Die Hängepartie mit Grub führt aber nun dazu, so Bürgermeister Hingerl, dass die Flüchtlinge in den Turnhallen seit Wochen quasi auf gepackten Koffern sitzen und es nun große Verunsicherung gibt, wie es weiter gehen soll. Der Landrat bestätigte, dass es sogar Gerüchte gebe, dass die Halle gar nicht mehr bezogen werde. Davon geht er aber derzeit nicht aus, auch wenn die Regierung von Oberbayern bereits festgestellt hat, dass man an "prekären Einrichtungen", dazu zählt man auch Traglufthallen, nur so lange wie nötig festhalten sollte. Keine Informationen gibt es hingegen nach wie vor darüber, wie die hier lebenden Flüchtlinge denn statt dessen untergebracht werden sollen - nach wie vor wird an einem Gesamtkonzept für Bayern gearbeitet, vorher dürfen keine neuen, dezentralen Unterkünfte in den Landkreisen realisiert werden. Die Gemeinden hätten nun überhaupt keine Planungssicherheit mehr, bemängelte Georg Hohmann, Markt Schwabener Bürgermeister und Kreisrat (SPD).

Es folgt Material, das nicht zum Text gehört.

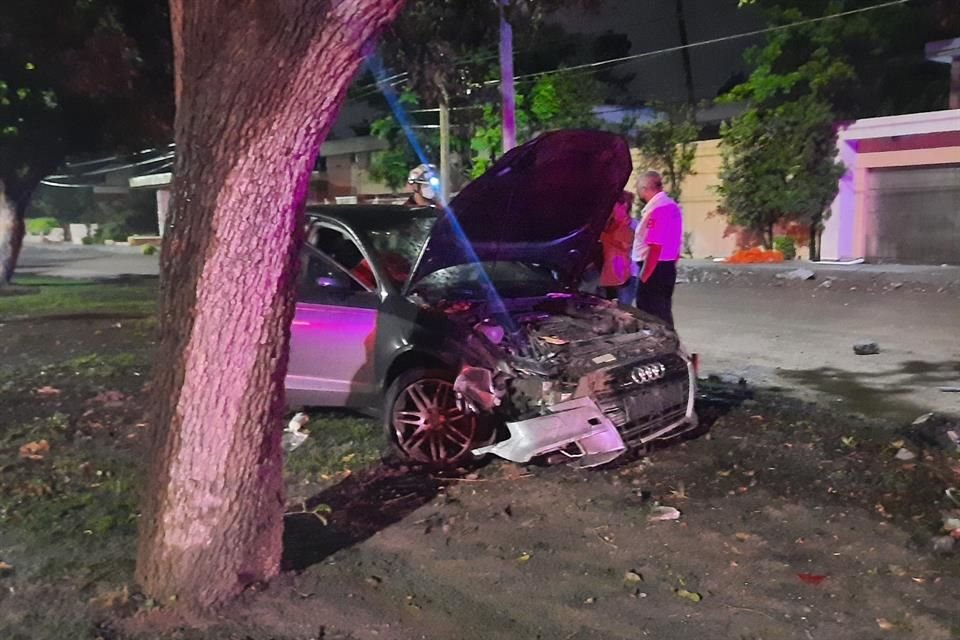 La conductora resultó con golpes en el accidente registrado en Calzada del Valle y Río Balsas.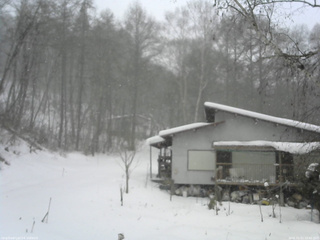 長野県菅平高原 ゆたか山荘 西側(坂上) 2026/01/11 10:45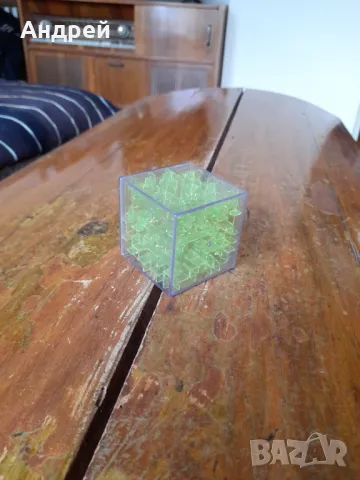 Стара играчка кубче лабиринт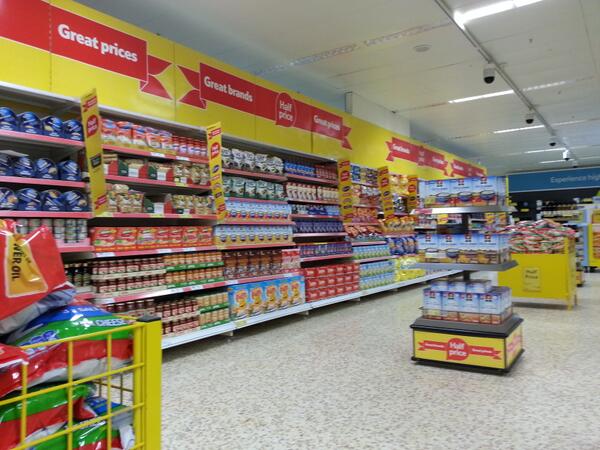 Mr_Ollie_Mills's tweet photo. Another great power aisle launch by the A-Team! #LoveEveryPowerAisle @johnwilson25727 @AmandaPTesco @jonny_mcq http://t.co/w9eI935wXh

Klar ist inzwischen eines: Sollten die Flüchtlingszahlen so bleiben wie sie sind, wird Pliening den Vertrag für die Traglufthalle nicht verlängern. "In neun Monaten ist Schluss, da wird zugesperrt", betonte Bürgermeister und Kreisrat Roland Frick (CSU). Es zeige sich deutlich, dass Integration und die richtige Betreuung nur in kleineren Einheiten möglich sei; Frick sprach von "fünf Problemfällen" in der Halle, die auf jeden Fall anders untergebracht und psychologisch betreut werden müssten.

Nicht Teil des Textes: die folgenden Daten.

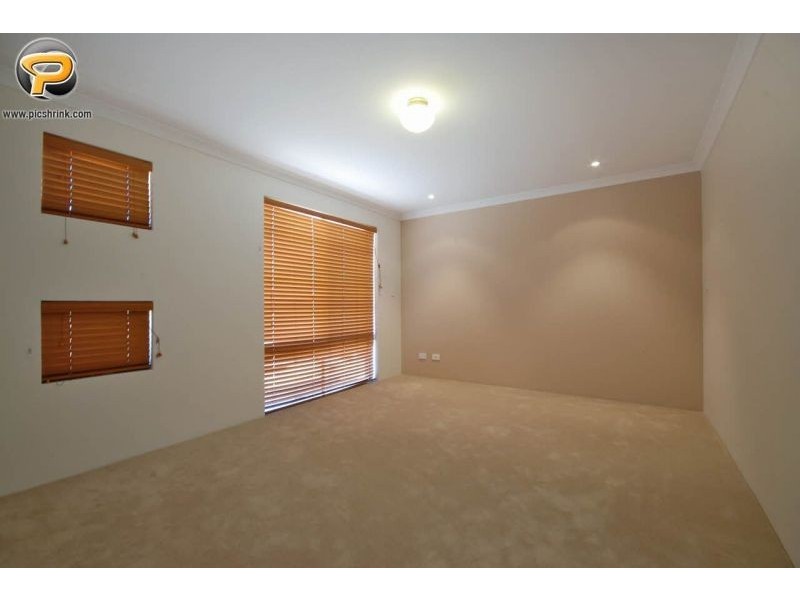 3 Girramay Rd, Banksia Grove WA 6031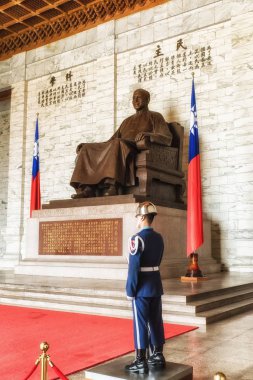 Chiang Kai-shek Memorial Hall (Ulusal Tayvan demokrasi Memorial Hall) bir heykel Cumhurbaşkanı Chiang Kai-Şek içeren iç kasa.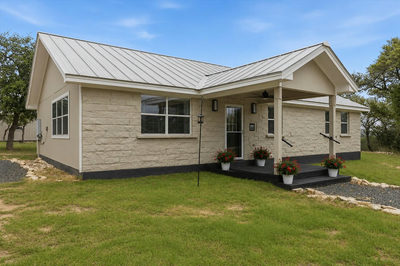 297 Robins Way — photo 2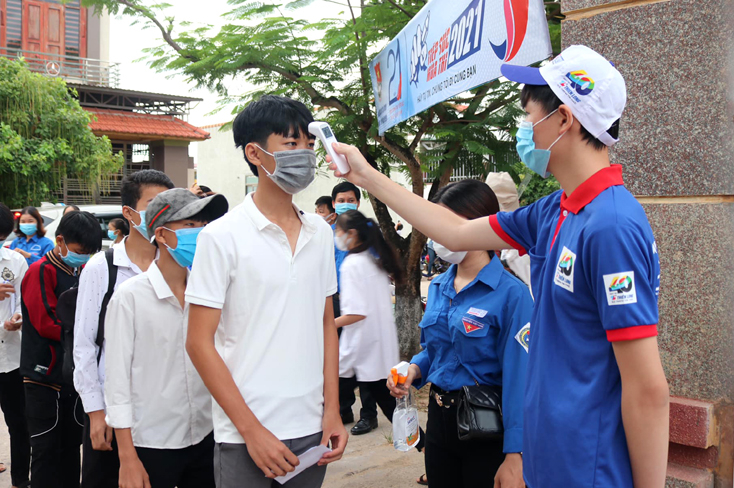 Kiểm tra thân nhiệt...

Auch Melanie Kirchlechner (Grüne) wählte deutliche Worte: "Auf dem Weg zur Integration war der größte Stolperstein diese Atempause." Man könne sich nicht weiteren Stillstand gönnen, "wir sitzen auf einem Pulverfass". Alle Bürgermeister sollten sich gemeinsam daher an die Regierung von Oberbayern wenden und das Ende des Planungsstopps fordern. Doris Rauscher (SPD) sagte, man dürfe sich nicht länger von der Regierung abspeisen lassen. Angelika Niebler und Thomas Huber (beide CSU) warnten hingegen vor Schuldzuweisungen. Es handle sich um eine Situation, die man nicht habe beeinflussen können, so Niebler. Huber sagte, es sei klar, dass zunächst untersucht werden müsse, inwieweit man vorhandene Ressourcen nutzen könne. Der Landrat versicherte, man sei in regem Austausch mit der Regierung von Oberbayern.